Microphysical Regulation of Non-Ideal MHD in Weakly-Ionized Systems: Does the Hall Effect Matter?
Philip F. Hopkins, Jonathan Squire, Raphael Skalidis, Nadine H. Soliman
TL;DR
The paper addresses the breakdown of standard non-ideal MHD in weakly ionized plasmas when magnetic-field gradients drive drift speeds $v_{ m drift}$ above the thermal speed $v_T$, which invalidates the usual derivation of Ohmic, Hall, and ambipolar coefficients. It develops a multi-species framework and a practical prescription to modify the diffusion coefficients into drift- and instability-informed effective forms, including an anomalous Ohmic term that activates in the superthermal regime. The authors show that Hall effects typically lose dynamical importance under these corrections, while strong diffusion suppresses small-scale magnetic structure and drives the system toward subthermal drift, constraining magnetic amplification.
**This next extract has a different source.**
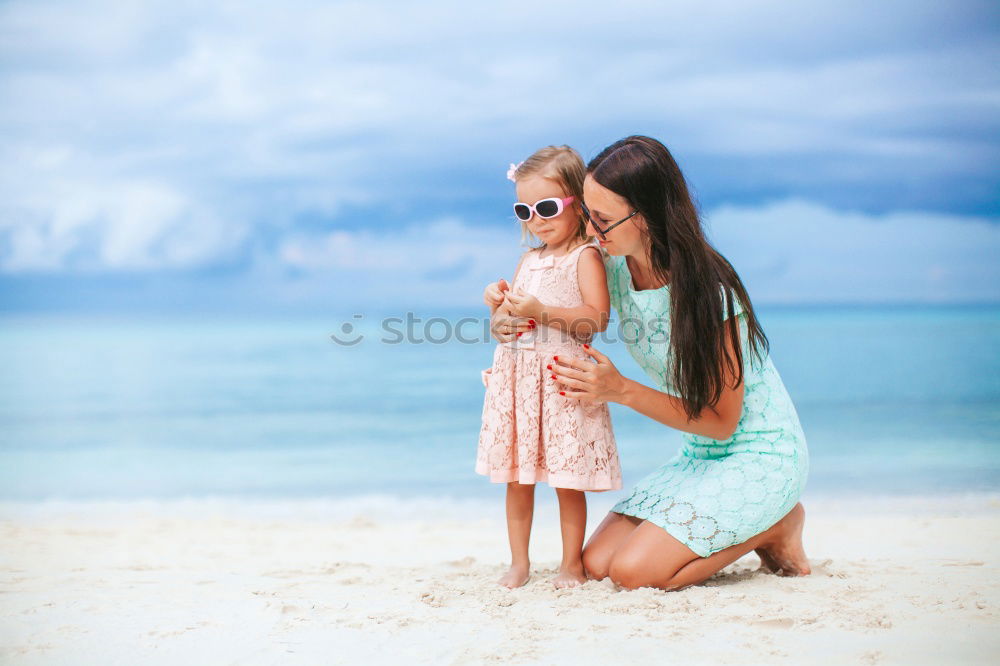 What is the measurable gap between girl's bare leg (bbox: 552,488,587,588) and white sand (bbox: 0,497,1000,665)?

The proposed, computationally inexpensive correction can be implemented atop existing chemistry outputs, enabling more physically consistent simulations of weakly ionized environments such as circumstellar disks and star-forming regions, and guiding future PIC/MHD studies of the microphysics involved.
Abstract
The magnetohydrodynamics (MHD) equations plus 'non-ideal' (Ohmic, Hall, ambipolar) resistivities are widely used to model weakly-ionized astrophysical systems. We show that if gradients in the magnetic field become too steep, the implied charge drift speeds become much faster than microphysical signal speeds, invalidating the assumptions used to derive both the resistivities and MHD equations themselves. Generically this situation will excite microscale instabilities that suppress the drift and current. We show this could be relevant at low ionization fractions especially if Hall terms appear significant, external forces induce supersonic motions, or dust grains become a dominant charge carrier. Considering well-established treatments of super-thermal drifts in laboratory, terrestrial, and Solar plasmas as well as conduction and viscosity models, we generalize a simple prescription to rectify these issues, where the resistivities are multiplied by a correction factor that depends only on already-known macroscopic quantities. This is generalized for multi-species and weakly-ionized systems, and leaves the equations unchanged in the drift limits for which they are derived, but restores physical behavior (driving the system back towards slow drift by diffusing away small-scale gradients in the magnetic field) if the limits are violated. This has important consequences: restoring intuitive behaviors such as the system becoming hydrodynamic in the limit of zero ionization; suppressing magnetic structure on scales below a critical length which can comparable to circumstellar disk sizes; limiting the maximum magnetic amplification; and suppressing the effects of the Hall term in particular. This likely implies that the Hall term does not become dynamically important under most conditions of interest in these systems.